Classic Theory

Blum’s seminal paper: Combining labeled and unlabeled data for co-training, COLT 1998.

Modern Theory

Self-training Avoids Using Spurious Features Under Domain Shift, NIPS 2020.
Theoretical Analysis of Self-Training with Deep Networks on Unlabeled Data, ICLR 2021.

Theoretical assumptions.

(Expansion) Informal: Data distribution has good continuity within each class; letting $P_i$ be the distribution of data conditioned on class $i$, expansion states that for small subsets $S$ of class $i$, $P_i(\text{neighborhood of }S) \geq c P_i (S)$, where $c > 1$ is the expansion factor.

(Allowable Transformation around $x$)
$\mathcal{B}(x) = \{ x': \exist T \in \mathcal{T}, \text{ s.t. } \vert\vert x' - T(x) \vert\vert \leq r \}$, where $\mathcal{T}$ is the set of possible transformations.

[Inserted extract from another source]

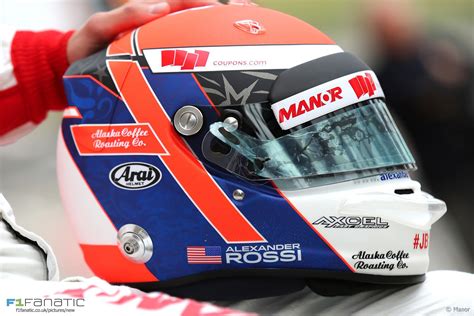 Helmet designs of Alexander Rossi (Manor Marussia) from 2015 : r/f1helmet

(Neighborhood of $x$) $\mathcal{N}(x) = \{ x': \mathcal{B}(x) \cap \mathcal{B}(x') \neq \empty \}$.

(Neighborhood of set $S$) $\mathcal{N}(S) = \cup_{x \in S} \mathcal{N}(x)$.

($(a, c)$-expansion) Formal: Class-conditional distribution $P_i$ satisfies $(a, c)$-expansion if for all $V \subseteq \mathcal{X}$ with $P_i(V) \leq a$, the following holds: $P_i(\mathcal{N}(V)) \geq \text{min} \{ c P_i(V), 1 \}$; if $P_i$ satisfies $(a, c)$-expansion for all $\forall i \in [K]$, then we say $P$ satisfies $(a, c)$-expansion.

— “Expansion says that the manifold of each class has sufficient connectivity, as every subset $S$ has a neighborhood larger than $S$”.

(Assumption, $P$ expands on sets smaller than $\mathcal{M}(G_{pl})$).